- _EXERCISE GOAL_
Your task is to repeat all of the data exactly while excluding the pictures.

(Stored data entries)
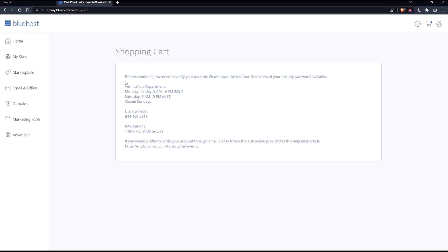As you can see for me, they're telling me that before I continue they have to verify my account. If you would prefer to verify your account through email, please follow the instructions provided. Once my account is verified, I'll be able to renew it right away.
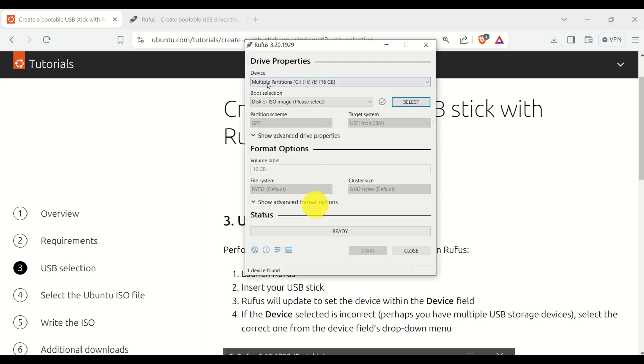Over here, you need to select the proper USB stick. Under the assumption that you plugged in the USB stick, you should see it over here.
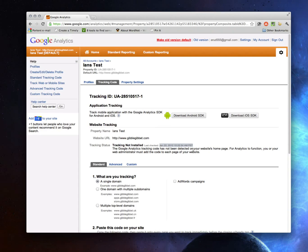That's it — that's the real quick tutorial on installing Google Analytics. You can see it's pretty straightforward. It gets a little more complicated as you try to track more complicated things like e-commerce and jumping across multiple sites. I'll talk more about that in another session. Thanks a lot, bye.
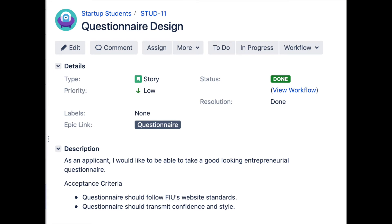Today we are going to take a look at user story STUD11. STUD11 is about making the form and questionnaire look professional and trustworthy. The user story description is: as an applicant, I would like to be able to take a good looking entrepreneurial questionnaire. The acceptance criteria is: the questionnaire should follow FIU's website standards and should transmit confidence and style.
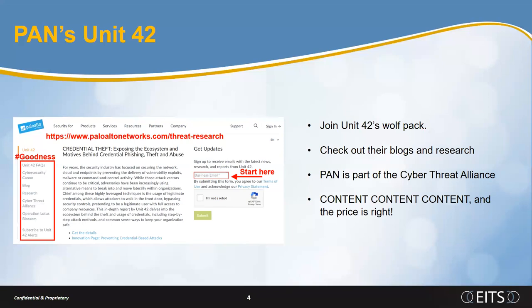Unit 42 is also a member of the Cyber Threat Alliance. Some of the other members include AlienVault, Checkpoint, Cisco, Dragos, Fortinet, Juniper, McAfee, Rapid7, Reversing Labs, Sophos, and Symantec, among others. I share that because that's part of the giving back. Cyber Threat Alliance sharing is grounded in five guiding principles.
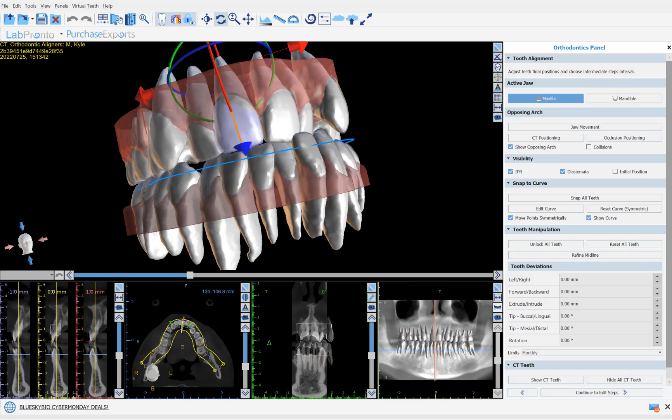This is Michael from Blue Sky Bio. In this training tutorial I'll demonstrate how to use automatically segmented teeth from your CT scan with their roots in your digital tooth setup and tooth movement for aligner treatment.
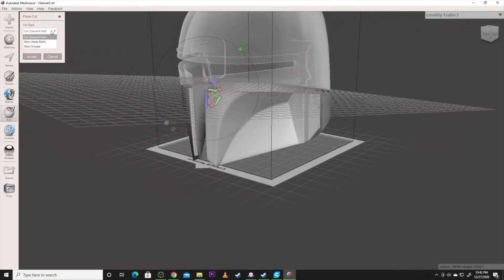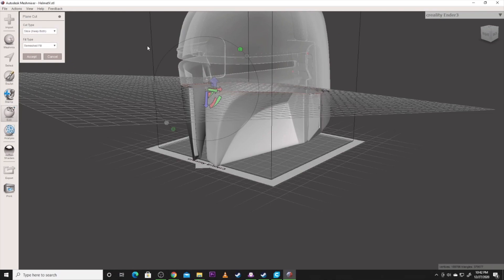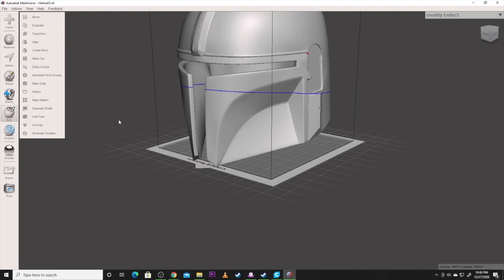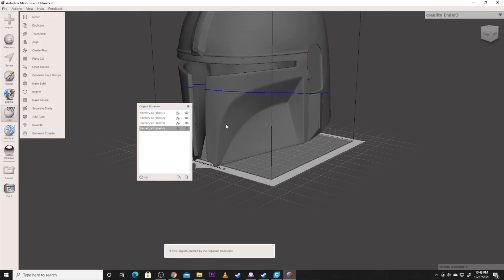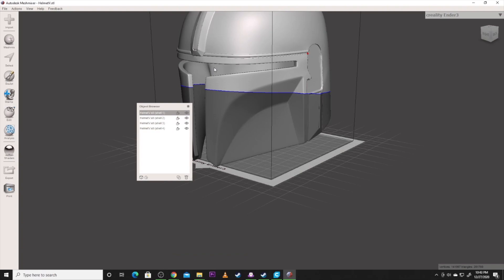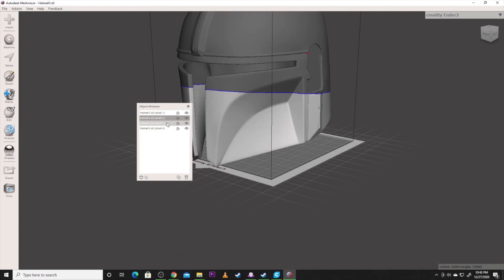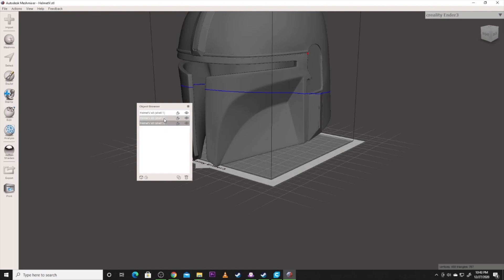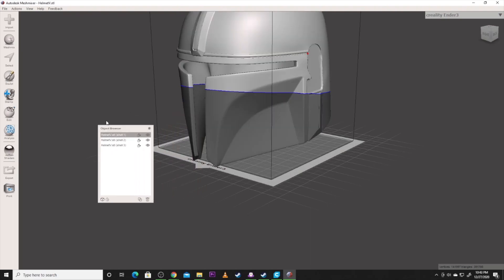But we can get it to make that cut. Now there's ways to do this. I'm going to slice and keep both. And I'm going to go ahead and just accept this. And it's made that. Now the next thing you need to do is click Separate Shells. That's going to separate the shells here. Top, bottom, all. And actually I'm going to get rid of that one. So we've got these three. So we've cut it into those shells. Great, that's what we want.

- _EXERCISE SOLUTION_
As you can see for me, they're telling me that before I continue they have to verify my account. If you would prefer to verify your account through email, please follow the instructions provided. Once my account is verified, I'll be able to renew it right away.
Over here, you need to select the proper USB stick. Under the assumption that you plugged in the USB stick, you should see it over here.
That's it — that's the real quick tutorial on installing Google Analytics. You can see it's pretty straightforward. It gets a little more complicated as you try to track more complicated things like e-commerce and jumping across multiple sites. I'll talk more about that in another session. Thanks a lot, bye.
Today we are going to take a look at user story STUD11. STUD11 is about making the form and questionnaire look professional and trustworthy. The user story description is: as an applicant, I would like to be able to take a good looking entrepreneurial questionnaire. The acceptance criteria is: the questionnaire should follow FIU's website standards and should transmit confidence and style.
Unit 42 is also a member of the Cyber Threat Alliance. Some of the other members include AlienVault, Checkpoint, Cisco, Dragos, Fortinet, Juniper, McAfee, Rapid7, Reversing Labs, Sophos, and Symantec, among others. I share that because that's part of the giving back. Cyber Threat Alliance sharing is grounded in five guiding principles.
This is Michael from Blue Sky Bio. In this training tutorial I'll demonstrate how to use automatically segmented teeth from your CT scan with their roots in your digital tooth setup and tooth movement for aligner treatment.
But we can get it to make that cut. Now there's ways to do this. I'm going to slice and keep both. And I'm going to go ahead and just accept this. And it's made that. Now the next thing you need to do is click Separate Shells. That's going to separate the shells here. Top, bottom, all. And actually I'm going to get rid of that one. So we've got these three. So we've cut it into those shells. Great, that's what we want.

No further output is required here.